Ellie needed water. She cleared her throat, still raw from—
She cleared it again, more aggressively. “That was an ‘ahem,’” she says. “To you.”
*Not responding. Happened once before, and engaging was a terrible idea. Can’t be distracted from nearly-finished project. No idea if she can sense/see me looking out skylight as if oblivious.
“Excuse me.”
*Skylight reflection of pic on shelf of Christopher and SIL. Remember to add pic to box of things Christopher didn’t take when he left.
“Excuse me. Excuse me. Excuse me. Excuse me. Excuse me. Excuse me.”
Yes!
“Can we go back, please, and have me take my water out here with me?”
*Impossible to ignore and consequences of ignoring unknown, so will keep short. How handle issue of water intentionally left inside under chair?
“If it helps,” she says, “I think you’re overdoing it by having me clear my throat like that. If you want me to look nervous, I’m sure you can make my physical clues or cues or whatevers more unique to me. But my throat really is raw. Like you described.”
It’s too late. That section has now been through six revisions. It’s done.
“But it’s just one sentence. Look: ‘She picked her water bottle up and carried it in the crook of her arm until she got outside to the stairs,’ or something.”
You can’t carry a water bottle in the crook of your arm without it alluding to something, like wanting to be a mother. Details need reasons, and that one wouldn’t be relevant to the story.
She shifts one of her feet, thinking. “Then I’ll dangle it.”
*Technically fine. Works with state of mind. Supply other dangle sugg.
No, too casual.
“The point is my throat could be made to not hurt and you’re making it hurt. And all for some cliché throat-clearing, which she might overhear and actually think has something to do with her.”
*Also opposed to cliché throat-clearing and understand objection. Any other time, would be hard to defend w/o revealing role in driving Ellie’s behavior thru story, something E can’t know til end; thankfully E gifted mention of secondary function.

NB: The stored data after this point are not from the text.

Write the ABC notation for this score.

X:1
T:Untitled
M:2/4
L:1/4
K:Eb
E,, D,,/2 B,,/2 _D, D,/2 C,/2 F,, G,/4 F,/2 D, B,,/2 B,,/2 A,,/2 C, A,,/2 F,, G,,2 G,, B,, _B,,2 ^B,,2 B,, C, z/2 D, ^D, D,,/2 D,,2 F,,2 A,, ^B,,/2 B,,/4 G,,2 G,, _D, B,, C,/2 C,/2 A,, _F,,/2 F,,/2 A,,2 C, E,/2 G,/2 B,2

Giving you the water bottle to soothe your throat would mean omitting a moment that illustrates the complexity and depth of the awkwardness between you and your mother.
“I don’t see how.”
*Explain same way as to former news ed. confused about early mention in dead boy’s tribute that he carried orange in pocket. Is it patience? attn span? figure out how to always provide entire story in first para.
You have to keep going. It will make sense.
Ellie cleared her throat again. It sounded loud to her in the quiet outdoors. There were no distant sounds of cars or other machinery, not even a breeze making noise with the leaves. If her mother had heard her, she might think Ellie was anxious to meet her. Or that she was impatient—when her mother had pulled up to the funeral home she must have noticed the many parked cars along the curb and that no one but Ellie was outside. She had to know she was the last one to arrive. But Ellie wasn’t impatient, and if she had any anxiety, it wasn’t something her mother had the right to sense or suspect.
Her mother’s head popped up again and she locked and slammed the car door. Her rapid steps on the uneven walkway made the bottoms of her wide black slacks meet, tussle, and release, the sound thin like polyester. She was shorter than Ellie had thought she would be, and her hands looked small curled around the sides of a covered shoebox. A key ring dangled from her left pinkie.
Would one of the hands let go of the box and pull Ellie to her, making contact for the first time since Ellie had exited her body? Did Ellie want that, or would she push her away? She pictured her mother falling backward, hitting her head on the concrete, the box flying and spilling…spilling what? She didn’t know.
I wish the circumstances were anything but this, her mother might say instead of trying to touch her.
I wish I had been there for both of you.
It was impossible for me to come until now.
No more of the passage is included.